Vous avez compensé un déficit de l’institution ?
IL y a trois ans on parlait peu de tâches complexes dans le second degré. Et il y avait un grand manque par rapport à l’apparition des compétences.
Quel est le lien entre approche par compétences et tâche complexe ?
Un élève est compétent quand il est capable de résoudre une tâche complexe. Pour cela il doit avoir des connaissances. Mais il doit aussi savoir chercher de l’aide auprès de ses camarades pour mener à bien la tâche. Dans une démarche de ce type, ce qui compte c’est la façon dont l’élève mobilise ses compétences.

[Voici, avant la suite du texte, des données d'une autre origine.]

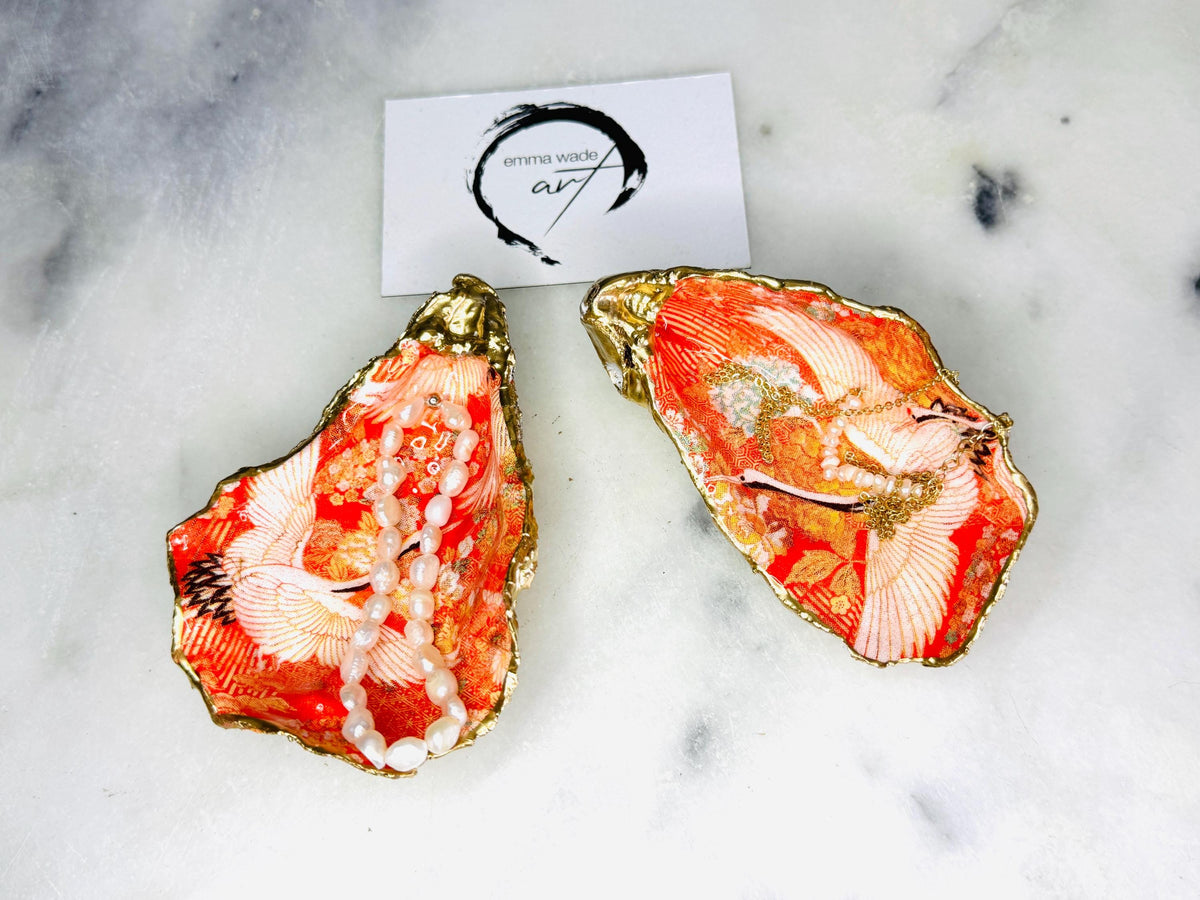 Japanese kimono flamingo oyster shell dish, orange flamingo trinket dish, gold leaf jewellery holder, coastal oyster shell decor, handmade Dorset shell gift, bird lover gift, tropical flamingo ornament, eco friendly shell jewellery tray, coastal wedding favour, beach house decor, unique oyster shell ring dish, flamingo bathroom accessory, nautical oyster trinket dish, Japanese style shell art, Emma Wade Art handmade oyster dish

Ca demande une autre posture pour l’enseignant. Il devient une ressource pour les élèves et en même temps il doit savoir les laisser affronter seuls la tâche. Il faut que l’élève sache mobiliser ses ressources.

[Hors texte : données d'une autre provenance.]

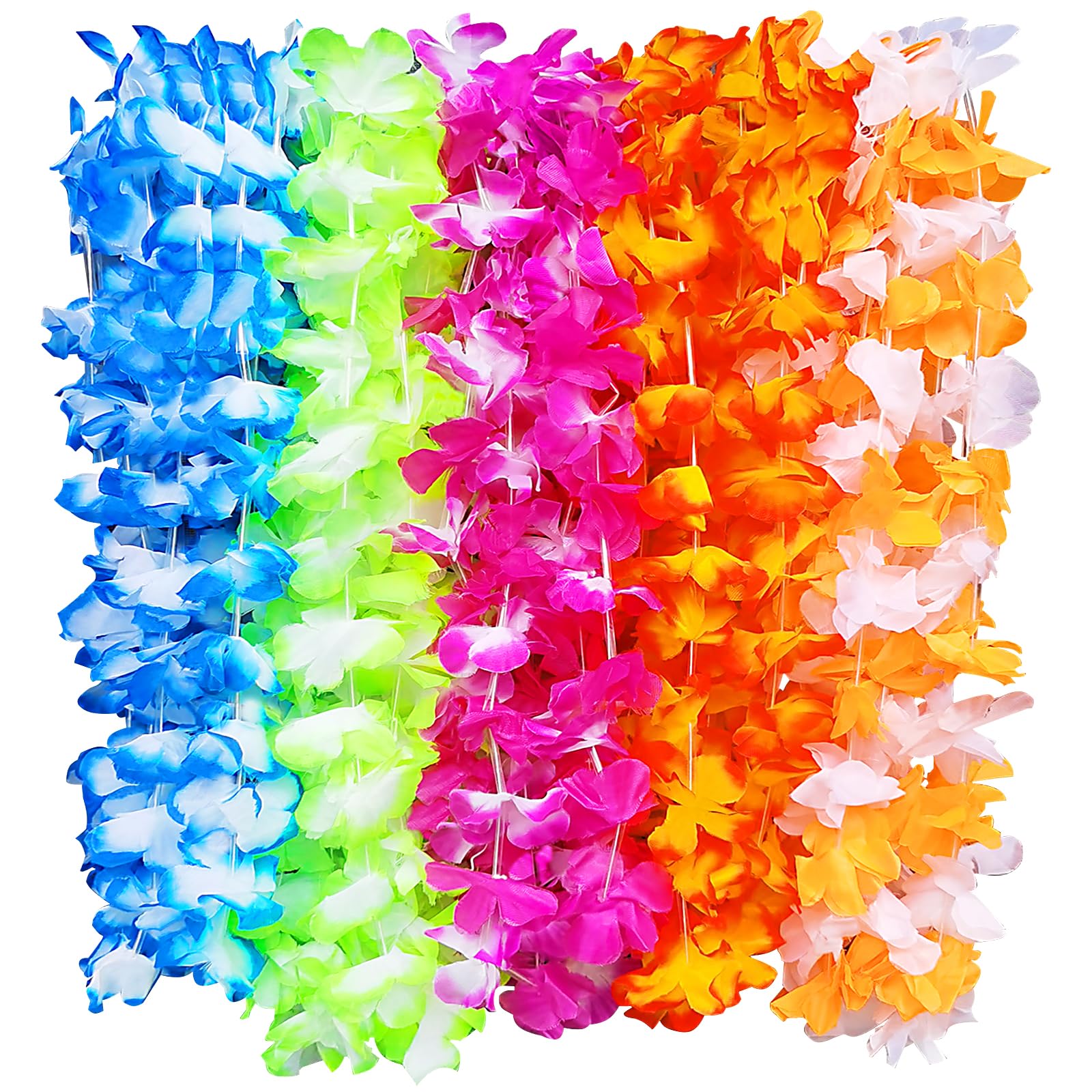 Ysimple Hawaiian Garland, Hawaiian Lei, Flower Garland Necklace for Beach, Tropical Theme Party Accessories Necklaces, Fancy Dress Garlands, Hawaii Decorations, Wedding, Bar, Party Supplies (20 Pcs)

Quel est l’intérêt pédagogique ?
La tâche complexe permet déjà de faire le point sur ce qu’on sait et ce qu’on ne sait pas. Elle permet d’utiliser des connaissances pour créer quelque chose. Elle apprend l’entraide et le travail de groupe. C’est un point important. L’élève gagne en autonomie de cette façon. Enfin il y a une dimension métacognitive. L’élève doit réaliser ce qui lui manque pour mener à bien la tâche et doit avoir un retour réflexif sur sa production. Il doit être capable de dire comment il l’a réalisé. C’est plus important que la production finale !
Cela suppose que ces élèves aient une certaine aisance par rapport à l’école et ses codes. La tâche complexe convient vraiment à tous les élèves ?
Concrètement la dimension de jeu qui est souvent associé à la tâche fait que ça marche bien avec les élèves. Mais il faut que la tâche soit bien présentée par l’enseignant.
Trois ans après son ouverture, que propose aujourd’hui le site ? Quelle est sa fréquentation .
Depuis 2013 on a eu 250000 pages vues par 40 000 visiteurs. Le site propose près d’une centaine de tâches complexes , essentiellement pour le collège. 4 ou 5 collègues déposent des projets sur le site de façon très régulière, une quinzaine de façon un peu moins régulière.
Quel usage en font les enseignants ?
On ne sait pas trop. Les collègues qui déposent des tâches nous disent le faire car ils ont été aidé par Tacos. On voit aussi que des manuels scolaires se sont inspirés des projets du site. Mais pour le reste c’est la grande inconnue. Tacos s’est imposé comme le site de référence pour les tâches complexes en histoire-géo surtout parce qu’on a recensé à peu près tout ce qui existe.
Aujourd’hui il y a une réforme du collège avec les EPI. La page se tourne pour Tâcos ?
Non pas du tout. Tant qu’on recommande une démarche de compétences, les tâches complexes ont leur place. La différence avec les EPI c’est que ceux ci sont plus longs et qu’ils ont obligatoirement une dimension pluridisciplinaire. Mais une tâche complexe peut très bien s’intégrer dans un EPI.
Ca ne fait pas peur de jouer le rôle que l’institution aurait du jouer ?
Non car le site Tâcos fait autre chose. C’est un site de mutualisation entre enseignants. Cette dimension de mutualisation est essentielle et encore plus avec la réforme du collège. Je ne serai pas bien dans mon métier sans ces échanges avec les collègues. Et j eme garde bien d’émettre un avis sur les projets qu’ils déposent. Certaines tâches sont fabuleuses à mes yeux. D’autres plus banales. On les partage toutes et on fait confiance aux collègue spour faire leur propre tri.